Gratteri risponde alle domande dei ragazzi. Non nomina mai apertamente “Gomorra”, la serie tv ispirata all’omonimo libro di Roberto Saviano e da lui sceneggiata, ambientata proprio a Scampia. Ma è chiaro che si riferisce ad essa, quando dice che «abbiamo visto film sulla camorra, ambientati in questo territorio, nei quali c’è solo violenza. E la seconda stagione viene fatta ancora più violenta, poiché il pubblico è assuefatto. Se dopo averla vista un ragazzo porta i capelli come il killer che ha visto in tv, vuol dire che ho fatto dei guai – osserva il magistrato −. Ed è inutile che vada poi a parlare di Falcone e Borsellino in tv, se ho contribuito con la mia opera al fatto che quel ragazzo imita un camorrista». Il procuratore di Napoli precisa che «non si tratta di tarpare le ali all’arte.

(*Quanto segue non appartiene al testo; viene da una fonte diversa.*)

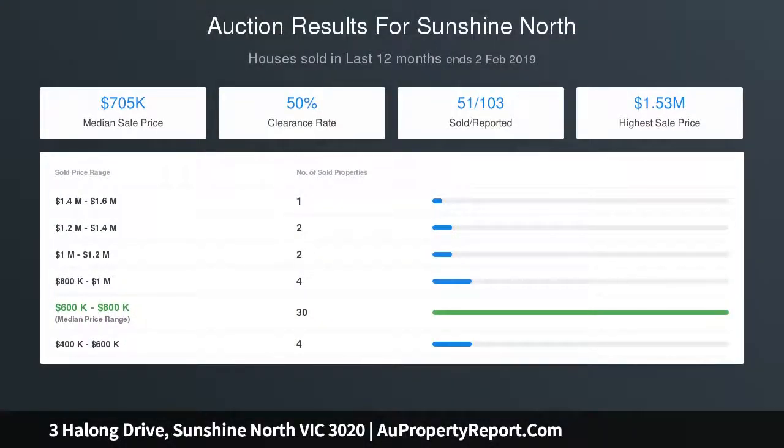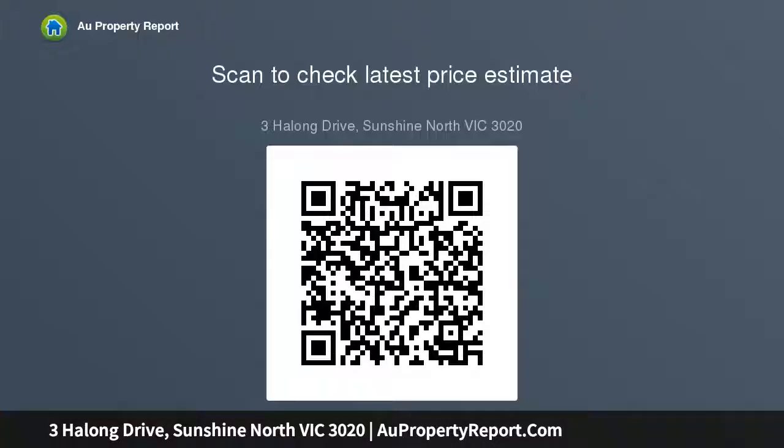A second family rumpus room, powder room, home office, study, gym with exposed bricks, and a large laundry complete the ground level. On the first floor, you are greeted by a third living area before entering the captivating, luxurious master bedroom.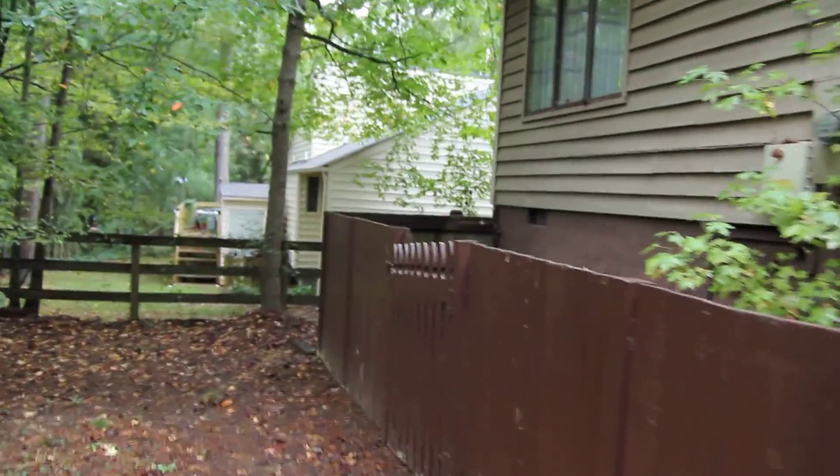That is the rear of this home. It is a pretty modest backyard, but for a lot of people it's just perfect because they don't have to maintain a whole lot back here. It's a very natural setting as you can see.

Da adulto, però, io devo preoccuparmi di quale fine farà la mia opera, se non appare mai un poliziotto, un magistrato, un prete, un insegnante… Quale messaggio darò?».

Gratteri risponde poi a una domanda sull’utilizzo dei social network da parte delle mafie. «I cartelli messicani, la ‘ndrangheta, la camorra utilizzano i social per presentarsi come modello vincente, per dire a chi li guarda: “Vieni con noi, sarai ricco come noi”. Ma è un inganno: quasi mai si diventa capi, un ruolo che passa di padre in figlio. Gli esecutori sono quelli che più finiscono dietro le sbarre, mentre i mandanti sono più difficili da prendere. I mafiosi si fanno vedere ricchi e potenti: attenti, perché è una trappola». Agli studenti di Scampia, che applaudono alla fine di ogni sua risposta, il procuratore di Napoli consiglia invece di «studiare, l’unica possibilità di riscatto. E, se non siete portati per lo studio, imparate un mestiere. Vedrete che non rimarrete mai disoccupati. L’importante è non restare sul divano con le mani in mano».

L’arcivescovo ringrazia Gratteri, «testimone credibile di legalità, giustizia, cambiamento. Abbiamo bisogno di testimoni credibili – dice Battaglia –. Diffidate di chi parla di voi, ma non parla “con” voi. Non date in appalto a nessuno la vostra coscienza: ve lo chiedo col cuore». Anche l’arcivescovo critica alcuni modelli offerti dalla tv. «Ho visto – racconta – una mamma litigare con la figlia adolescente perché quest’ultima si rifiutava di farle una foto con un partecipante al programma “Uomini e donne”. Quanti danni… Abbiamo ridotto anche i sentimenti a oggetto di consumo».

Infine, il rettore Lorito parla dell’impegno della Federico II nelle periferie napoletane. A San Giovanni a Teduccio, dove ha sede l’academy della Apple a Scampia, dove c’è il polo universitario per le professioni mediche, e presto anche a Caivano, dove sorgeranno altre due academy. La mattinata si conclude proprio con l’appello del rettore ai ragazzi delle scuole del quartiere: «Abbiamo bisogno di voi. La nostra è una università aperta. Buona parte dei nostri studenti è esentato dalle tasse. Dateci la possibilità di mettere il nostro futuro sulle vostre spalle».